(Recorded information)

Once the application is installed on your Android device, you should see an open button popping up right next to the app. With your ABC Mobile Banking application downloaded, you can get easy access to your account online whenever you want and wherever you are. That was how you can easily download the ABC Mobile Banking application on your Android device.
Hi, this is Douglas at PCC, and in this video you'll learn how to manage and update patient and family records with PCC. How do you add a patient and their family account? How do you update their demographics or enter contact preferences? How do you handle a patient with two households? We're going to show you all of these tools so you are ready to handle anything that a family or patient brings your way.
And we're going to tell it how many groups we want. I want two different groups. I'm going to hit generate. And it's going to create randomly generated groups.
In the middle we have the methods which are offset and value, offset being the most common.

(End Recorded information)
(Recorded information)

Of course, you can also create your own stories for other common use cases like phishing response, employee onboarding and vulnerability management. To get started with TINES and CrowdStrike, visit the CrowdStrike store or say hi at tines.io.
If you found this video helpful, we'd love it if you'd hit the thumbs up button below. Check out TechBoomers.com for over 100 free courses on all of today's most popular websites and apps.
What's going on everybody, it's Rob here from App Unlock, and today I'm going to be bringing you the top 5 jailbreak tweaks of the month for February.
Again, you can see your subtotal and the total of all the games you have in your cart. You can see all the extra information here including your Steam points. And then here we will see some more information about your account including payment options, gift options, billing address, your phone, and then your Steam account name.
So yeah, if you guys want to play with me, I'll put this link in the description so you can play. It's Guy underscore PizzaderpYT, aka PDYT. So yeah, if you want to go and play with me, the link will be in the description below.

(End Recorded information)

The range runs from the line above containing "Once the application" to the line containing "In the middle", inclusive. Restate those lines word for word and no others.

Once the application is installed on your Android device, you should see an open button popping up right next to the app. With your ABC Mobile Banking application downloaded, you can get easy access to your account online whenever you want and wherever you are. That was how you can easily download the ABC Mobile Banking application on your Android device.
Hi, this is Douglas at PCC, and in this video you'll learn how to manage and update patient and family records with PCC. How do you add a patient and their family account? How do you update their demographics or enter contact preferences? How do you handle a patient with two households? We're going to show you all of these tools so you are ready to handle anything that a family or patient brings your way.
And we're going to tell it how many groups we want. I want two different groups. I'm going to hit generate. And it's going to create randomly generated groups.
In the middle we have the methods which are offset and value, offset being the most common.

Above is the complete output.